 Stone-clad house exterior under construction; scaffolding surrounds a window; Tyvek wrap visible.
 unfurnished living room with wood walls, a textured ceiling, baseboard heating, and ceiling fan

...

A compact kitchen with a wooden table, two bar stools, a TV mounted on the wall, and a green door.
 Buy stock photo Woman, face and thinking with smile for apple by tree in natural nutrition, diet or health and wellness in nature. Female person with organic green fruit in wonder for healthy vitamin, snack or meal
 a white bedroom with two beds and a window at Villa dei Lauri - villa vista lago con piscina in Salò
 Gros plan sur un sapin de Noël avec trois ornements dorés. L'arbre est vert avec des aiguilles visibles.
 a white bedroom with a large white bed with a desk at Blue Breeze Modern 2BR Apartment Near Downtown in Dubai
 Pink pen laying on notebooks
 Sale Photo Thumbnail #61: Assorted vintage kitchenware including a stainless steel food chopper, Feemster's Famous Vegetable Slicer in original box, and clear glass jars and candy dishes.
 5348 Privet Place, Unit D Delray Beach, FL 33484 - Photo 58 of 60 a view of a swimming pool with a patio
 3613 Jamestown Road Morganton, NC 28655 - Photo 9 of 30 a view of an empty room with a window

_TASK TO COMPLETE_. Could you retype exactly the lines above, starting at the line that contains "Buy stock photo" and ending at the line that contains "3613 Jamestown Road", and nothing more?

_WRITTEN RESPONSE_.
 Buy stock photo Woman, face and thinking with smile for apple by tree in natural nutrition, diet or health and wellness in nature. Female person with organic green fruit in wonder for healthy vitamin, snack or meal
 a white bedroom with two beds and a window at Villa dei Lauri - villa vista lago con piscina in Salò
 Gros plan sur un sapin de Noël avec trois ornements dorés. L'arbre est vert avec des aiguilles visibles.
 a white bedroom with a large white bed with a desk at Blue Breeze Modern 2BR Apartment Near Downtown in Dubai
 Pink pen laying on notebooks
 Sale Photo Thumbnail #61: Assorted vintage kitchenware including a stainless steel food chopper, Feemster's Famous Vegetable Slicer in original box, and clear glass jars and candy dishes.
 5348 Privet Place, Unit D Delray Beach, FL 33484 - Photo 58 of 60 a view of a swimming pool with a patio
 3613 Jamestown Road Morganton, NC 28655 - Photo 9 of 30 a view of an empty room with a window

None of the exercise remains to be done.